Stored dataset items
[Start of Attachment]
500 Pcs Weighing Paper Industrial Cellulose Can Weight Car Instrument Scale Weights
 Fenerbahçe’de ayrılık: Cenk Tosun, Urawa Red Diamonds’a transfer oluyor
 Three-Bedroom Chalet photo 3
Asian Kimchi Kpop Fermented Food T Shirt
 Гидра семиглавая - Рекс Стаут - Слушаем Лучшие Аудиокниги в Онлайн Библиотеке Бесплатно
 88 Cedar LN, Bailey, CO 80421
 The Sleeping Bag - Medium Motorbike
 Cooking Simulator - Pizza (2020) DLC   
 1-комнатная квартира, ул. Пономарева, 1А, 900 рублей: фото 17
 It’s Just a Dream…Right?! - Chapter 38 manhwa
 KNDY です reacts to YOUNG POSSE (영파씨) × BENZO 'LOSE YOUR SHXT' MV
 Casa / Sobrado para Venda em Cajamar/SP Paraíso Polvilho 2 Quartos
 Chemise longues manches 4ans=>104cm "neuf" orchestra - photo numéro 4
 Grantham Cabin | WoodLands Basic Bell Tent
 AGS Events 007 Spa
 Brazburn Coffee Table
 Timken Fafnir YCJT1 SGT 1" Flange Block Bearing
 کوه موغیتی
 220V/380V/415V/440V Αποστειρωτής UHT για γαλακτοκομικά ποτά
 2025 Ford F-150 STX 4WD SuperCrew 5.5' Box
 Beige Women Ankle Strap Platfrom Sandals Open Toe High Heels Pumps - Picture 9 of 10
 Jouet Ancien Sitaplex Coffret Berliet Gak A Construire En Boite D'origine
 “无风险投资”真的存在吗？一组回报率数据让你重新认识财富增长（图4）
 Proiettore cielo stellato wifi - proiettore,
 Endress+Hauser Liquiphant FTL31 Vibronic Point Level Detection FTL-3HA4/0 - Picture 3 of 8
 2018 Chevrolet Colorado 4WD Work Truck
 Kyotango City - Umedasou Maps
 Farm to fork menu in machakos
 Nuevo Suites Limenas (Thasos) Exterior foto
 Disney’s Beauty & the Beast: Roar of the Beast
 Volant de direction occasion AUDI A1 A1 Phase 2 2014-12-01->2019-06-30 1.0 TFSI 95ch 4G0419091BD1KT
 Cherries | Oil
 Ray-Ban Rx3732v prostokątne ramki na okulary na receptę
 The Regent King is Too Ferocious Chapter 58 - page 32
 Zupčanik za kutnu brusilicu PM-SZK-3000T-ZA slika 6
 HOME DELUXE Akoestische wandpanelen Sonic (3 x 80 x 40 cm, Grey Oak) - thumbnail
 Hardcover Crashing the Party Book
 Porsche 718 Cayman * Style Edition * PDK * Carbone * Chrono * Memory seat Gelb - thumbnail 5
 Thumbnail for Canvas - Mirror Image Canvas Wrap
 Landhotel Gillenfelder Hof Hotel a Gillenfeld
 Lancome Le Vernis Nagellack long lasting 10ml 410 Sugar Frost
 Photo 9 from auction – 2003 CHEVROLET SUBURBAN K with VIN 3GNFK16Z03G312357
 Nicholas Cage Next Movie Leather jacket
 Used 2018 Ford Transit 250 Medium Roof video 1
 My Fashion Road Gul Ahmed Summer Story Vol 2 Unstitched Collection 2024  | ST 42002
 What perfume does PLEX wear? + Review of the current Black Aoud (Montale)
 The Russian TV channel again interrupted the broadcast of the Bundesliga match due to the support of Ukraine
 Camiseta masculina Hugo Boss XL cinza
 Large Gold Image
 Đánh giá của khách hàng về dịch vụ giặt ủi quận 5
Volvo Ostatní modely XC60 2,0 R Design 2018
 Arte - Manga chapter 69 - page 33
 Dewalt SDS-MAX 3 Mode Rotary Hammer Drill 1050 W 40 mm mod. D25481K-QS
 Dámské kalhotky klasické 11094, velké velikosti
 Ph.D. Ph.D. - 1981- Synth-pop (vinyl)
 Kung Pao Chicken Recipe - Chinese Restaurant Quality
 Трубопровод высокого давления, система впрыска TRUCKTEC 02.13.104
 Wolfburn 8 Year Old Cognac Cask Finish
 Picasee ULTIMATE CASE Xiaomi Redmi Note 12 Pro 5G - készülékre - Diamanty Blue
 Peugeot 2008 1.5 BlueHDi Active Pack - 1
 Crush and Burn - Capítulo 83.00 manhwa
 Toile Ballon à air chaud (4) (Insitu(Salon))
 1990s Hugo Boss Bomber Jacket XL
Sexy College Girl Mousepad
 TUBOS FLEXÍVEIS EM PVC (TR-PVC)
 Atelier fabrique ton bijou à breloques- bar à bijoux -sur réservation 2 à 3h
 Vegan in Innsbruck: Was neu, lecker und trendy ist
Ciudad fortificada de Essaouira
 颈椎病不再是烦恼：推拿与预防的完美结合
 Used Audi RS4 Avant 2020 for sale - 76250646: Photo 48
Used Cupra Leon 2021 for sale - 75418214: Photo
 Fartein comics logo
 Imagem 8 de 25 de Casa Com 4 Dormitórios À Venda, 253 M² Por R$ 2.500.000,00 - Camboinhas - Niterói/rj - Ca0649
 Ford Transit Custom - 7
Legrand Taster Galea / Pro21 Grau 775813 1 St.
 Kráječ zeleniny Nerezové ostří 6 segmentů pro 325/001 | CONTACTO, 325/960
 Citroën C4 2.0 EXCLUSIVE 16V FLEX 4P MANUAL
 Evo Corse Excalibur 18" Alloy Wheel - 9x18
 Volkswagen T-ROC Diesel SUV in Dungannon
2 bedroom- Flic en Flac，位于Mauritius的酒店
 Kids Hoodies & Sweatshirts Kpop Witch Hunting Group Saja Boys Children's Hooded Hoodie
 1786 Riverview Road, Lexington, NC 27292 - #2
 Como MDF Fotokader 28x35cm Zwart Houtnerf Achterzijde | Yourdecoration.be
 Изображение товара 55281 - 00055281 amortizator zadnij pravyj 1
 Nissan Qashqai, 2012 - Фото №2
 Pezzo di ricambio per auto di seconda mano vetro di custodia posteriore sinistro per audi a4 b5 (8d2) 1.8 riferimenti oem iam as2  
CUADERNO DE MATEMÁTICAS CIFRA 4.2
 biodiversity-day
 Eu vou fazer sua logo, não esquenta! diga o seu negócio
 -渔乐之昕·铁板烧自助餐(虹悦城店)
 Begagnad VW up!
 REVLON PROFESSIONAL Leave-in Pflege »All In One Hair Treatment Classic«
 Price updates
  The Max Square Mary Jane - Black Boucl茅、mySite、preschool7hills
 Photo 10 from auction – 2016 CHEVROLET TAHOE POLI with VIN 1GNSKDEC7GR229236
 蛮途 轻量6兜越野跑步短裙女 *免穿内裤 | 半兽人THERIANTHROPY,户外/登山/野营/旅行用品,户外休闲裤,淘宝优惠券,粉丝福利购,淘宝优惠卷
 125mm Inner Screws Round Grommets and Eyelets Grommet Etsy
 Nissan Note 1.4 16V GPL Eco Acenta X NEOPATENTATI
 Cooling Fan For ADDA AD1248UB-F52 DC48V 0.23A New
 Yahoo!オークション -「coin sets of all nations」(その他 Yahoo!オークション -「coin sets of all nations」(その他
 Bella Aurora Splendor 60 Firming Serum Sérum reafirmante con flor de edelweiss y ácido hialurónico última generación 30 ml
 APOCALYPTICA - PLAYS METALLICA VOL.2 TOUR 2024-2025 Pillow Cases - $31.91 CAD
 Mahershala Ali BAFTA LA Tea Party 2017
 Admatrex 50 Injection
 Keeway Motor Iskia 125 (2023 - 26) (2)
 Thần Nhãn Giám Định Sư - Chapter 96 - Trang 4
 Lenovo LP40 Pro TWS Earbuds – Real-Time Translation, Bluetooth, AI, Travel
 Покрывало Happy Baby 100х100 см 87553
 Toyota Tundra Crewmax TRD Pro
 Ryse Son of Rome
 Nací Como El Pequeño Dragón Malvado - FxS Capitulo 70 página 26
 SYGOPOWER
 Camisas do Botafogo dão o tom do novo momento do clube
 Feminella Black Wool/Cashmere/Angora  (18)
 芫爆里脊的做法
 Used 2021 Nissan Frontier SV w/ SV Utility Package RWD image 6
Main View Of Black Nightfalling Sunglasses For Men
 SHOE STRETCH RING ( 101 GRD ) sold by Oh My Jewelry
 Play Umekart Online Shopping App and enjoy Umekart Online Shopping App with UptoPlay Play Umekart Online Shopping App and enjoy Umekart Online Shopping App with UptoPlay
[End of Attachment]
## WORK REQUEST:
Return the lines above, starting at the one that contains "Feminella Black Wool/Cashmere/Angora" and running through the last, exactly as they appear, with no extra lines.

## OUTPUT BELOW:
 Feminella Black Wool/Cashmere/Angora  (18)
 芫爆里脊的做法
 Used 2021 Nissan Frontier SV w/ SV Utility Package RWD image 6
Main View Of Black Nightfalling Sunglasses For Men
 SHOE STRETCH RING ( 101 GRD ) sold by Oh My Jewelry
 Play Umekart Online Shopping App and enjoy Umekart Online Shopping App with UptoPlay Play Umekart Online Shopping App and enjoy Umekart Online Shopping App with UptoPlay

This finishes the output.